Supplied data →
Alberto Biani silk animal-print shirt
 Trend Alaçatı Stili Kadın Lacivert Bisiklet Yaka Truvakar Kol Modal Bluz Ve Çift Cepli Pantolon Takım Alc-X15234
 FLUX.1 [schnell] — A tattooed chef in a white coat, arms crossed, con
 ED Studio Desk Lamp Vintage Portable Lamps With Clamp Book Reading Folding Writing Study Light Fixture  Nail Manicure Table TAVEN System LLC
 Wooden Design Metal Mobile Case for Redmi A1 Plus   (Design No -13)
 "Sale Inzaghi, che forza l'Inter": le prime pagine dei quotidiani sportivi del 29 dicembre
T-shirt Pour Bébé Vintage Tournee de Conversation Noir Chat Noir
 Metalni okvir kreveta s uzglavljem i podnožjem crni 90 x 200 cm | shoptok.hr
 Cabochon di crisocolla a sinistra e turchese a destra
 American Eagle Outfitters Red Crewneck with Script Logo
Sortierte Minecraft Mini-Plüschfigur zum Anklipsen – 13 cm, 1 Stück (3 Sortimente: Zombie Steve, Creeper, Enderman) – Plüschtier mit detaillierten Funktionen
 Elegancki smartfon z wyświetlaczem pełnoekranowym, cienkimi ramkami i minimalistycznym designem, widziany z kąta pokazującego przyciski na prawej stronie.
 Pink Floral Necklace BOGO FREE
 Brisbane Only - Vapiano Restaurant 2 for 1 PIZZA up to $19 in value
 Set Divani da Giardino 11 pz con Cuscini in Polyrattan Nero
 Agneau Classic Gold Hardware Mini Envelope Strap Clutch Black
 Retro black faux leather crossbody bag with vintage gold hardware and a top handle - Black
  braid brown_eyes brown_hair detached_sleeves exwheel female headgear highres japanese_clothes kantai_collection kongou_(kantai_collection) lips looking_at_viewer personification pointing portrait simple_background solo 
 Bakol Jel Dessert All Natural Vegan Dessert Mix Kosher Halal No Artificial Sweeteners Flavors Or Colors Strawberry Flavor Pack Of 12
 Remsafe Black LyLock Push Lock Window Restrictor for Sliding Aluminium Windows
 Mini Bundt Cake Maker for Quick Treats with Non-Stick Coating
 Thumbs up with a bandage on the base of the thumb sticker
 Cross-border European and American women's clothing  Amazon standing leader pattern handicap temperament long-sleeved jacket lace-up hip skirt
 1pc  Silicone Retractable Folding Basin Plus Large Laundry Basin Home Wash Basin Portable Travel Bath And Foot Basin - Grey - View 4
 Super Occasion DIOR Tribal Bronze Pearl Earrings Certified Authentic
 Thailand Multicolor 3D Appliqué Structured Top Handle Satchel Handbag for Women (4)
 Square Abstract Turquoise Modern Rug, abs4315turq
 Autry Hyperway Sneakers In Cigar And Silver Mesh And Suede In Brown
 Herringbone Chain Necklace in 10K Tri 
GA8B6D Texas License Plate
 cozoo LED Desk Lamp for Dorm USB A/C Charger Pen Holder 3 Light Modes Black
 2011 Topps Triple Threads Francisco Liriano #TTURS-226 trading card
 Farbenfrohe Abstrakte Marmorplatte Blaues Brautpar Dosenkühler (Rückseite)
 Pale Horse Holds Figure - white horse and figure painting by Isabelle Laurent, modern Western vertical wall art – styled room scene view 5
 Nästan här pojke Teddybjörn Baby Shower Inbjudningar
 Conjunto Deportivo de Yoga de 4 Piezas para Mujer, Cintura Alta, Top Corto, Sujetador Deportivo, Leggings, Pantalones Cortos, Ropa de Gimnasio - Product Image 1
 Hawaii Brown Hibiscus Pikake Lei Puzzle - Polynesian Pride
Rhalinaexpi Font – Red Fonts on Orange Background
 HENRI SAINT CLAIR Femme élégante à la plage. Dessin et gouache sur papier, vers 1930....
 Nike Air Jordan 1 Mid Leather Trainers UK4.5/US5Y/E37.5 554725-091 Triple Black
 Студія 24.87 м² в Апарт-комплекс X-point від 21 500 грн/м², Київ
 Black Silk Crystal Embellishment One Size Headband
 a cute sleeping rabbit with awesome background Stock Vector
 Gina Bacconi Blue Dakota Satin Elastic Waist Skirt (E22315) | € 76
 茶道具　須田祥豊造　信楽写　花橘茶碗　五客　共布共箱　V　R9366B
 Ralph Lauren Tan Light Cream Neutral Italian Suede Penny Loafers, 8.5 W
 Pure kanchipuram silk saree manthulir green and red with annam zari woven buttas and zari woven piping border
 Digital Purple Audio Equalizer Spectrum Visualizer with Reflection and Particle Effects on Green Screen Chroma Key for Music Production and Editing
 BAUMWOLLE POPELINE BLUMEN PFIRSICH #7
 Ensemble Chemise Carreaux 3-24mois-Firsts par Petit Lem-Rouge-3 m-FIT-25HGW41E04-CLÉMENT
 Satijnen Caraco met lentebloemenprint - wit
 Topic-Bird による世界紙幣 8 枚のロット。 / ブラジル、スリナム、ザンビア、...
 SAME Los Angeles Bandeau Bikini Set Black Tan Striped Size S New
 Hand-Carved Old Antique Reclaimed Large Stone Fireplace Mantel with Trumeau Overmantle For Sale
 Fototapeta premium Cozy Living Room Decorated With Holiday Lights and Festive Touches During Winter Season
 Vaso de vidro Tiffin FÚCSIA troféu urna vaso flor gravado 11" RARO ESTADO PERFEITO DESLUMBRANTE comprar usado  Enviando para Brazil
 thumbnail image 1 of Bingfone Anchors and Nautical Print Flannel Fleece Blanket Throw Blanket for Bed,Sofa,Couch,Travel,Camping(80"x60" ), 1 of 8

Work instruction → Once you find the line with "Square Abstract Turquoise" in the entries above, output it and each line after it up to and including the line with "Farbenfrohe Abstrakte Marmorplatte", and nothing else.

Result of the exercise →
 Square Abstract Turquoise Modern Rug, abs4315turq
 Autry Hyperway Sneakers In Cigar And Silver Mesh And Suede In Brown
 Herringbone Chain Necklace in 10K Tri 
GA8B6D Texas License Plate
 cozoo LED Desk Lamp for Dorm USB A/C Charger Pen Holder 3 Light Modes Black
 2011 Topps Triple Threads Francisco Liriano #TTURS-226 trading card
 Farbenfrohe Abstrakte Marmorplatte Blaues Brautpar Dosenkühler (Rückseite)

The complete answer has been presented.